WHAT TO DO: Find the line with "The Hereford Brand" in the records below. Output exactly from there until after the line with "Authentic GUCCI Bamboo", without pictures.

SOURCE INFORMATION:
________________________
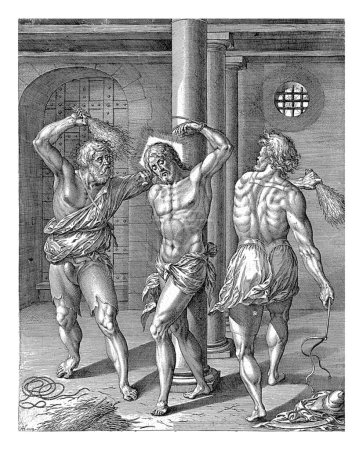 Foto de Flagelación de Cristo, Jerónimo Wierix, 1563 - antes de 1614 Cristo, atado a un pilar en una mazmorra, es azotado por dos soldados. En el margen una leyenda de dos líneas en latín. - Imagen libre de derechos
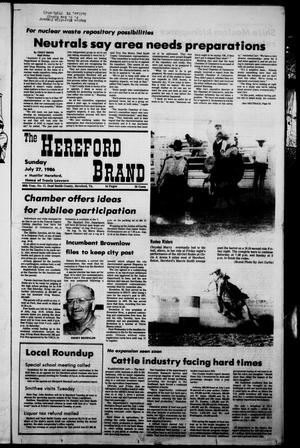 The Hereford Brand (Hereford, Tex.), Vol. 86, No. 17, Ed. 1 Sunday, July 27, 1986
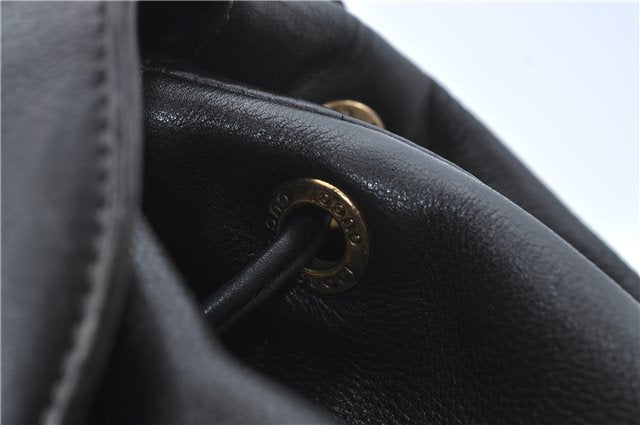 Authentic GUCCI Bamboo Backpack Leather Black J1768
________________________
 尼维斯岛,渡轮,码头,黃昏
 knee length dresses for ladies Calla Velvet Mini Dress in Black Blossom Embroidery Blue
________________________
RESPONSE AREA:
 The Hereford Brand (Hereford, Tex.), Vol. 86, No. 17, Ed. 1 Sunday, July 27, 1986
 Authentic GUCCI Bamboo Backpack Leather Black J1768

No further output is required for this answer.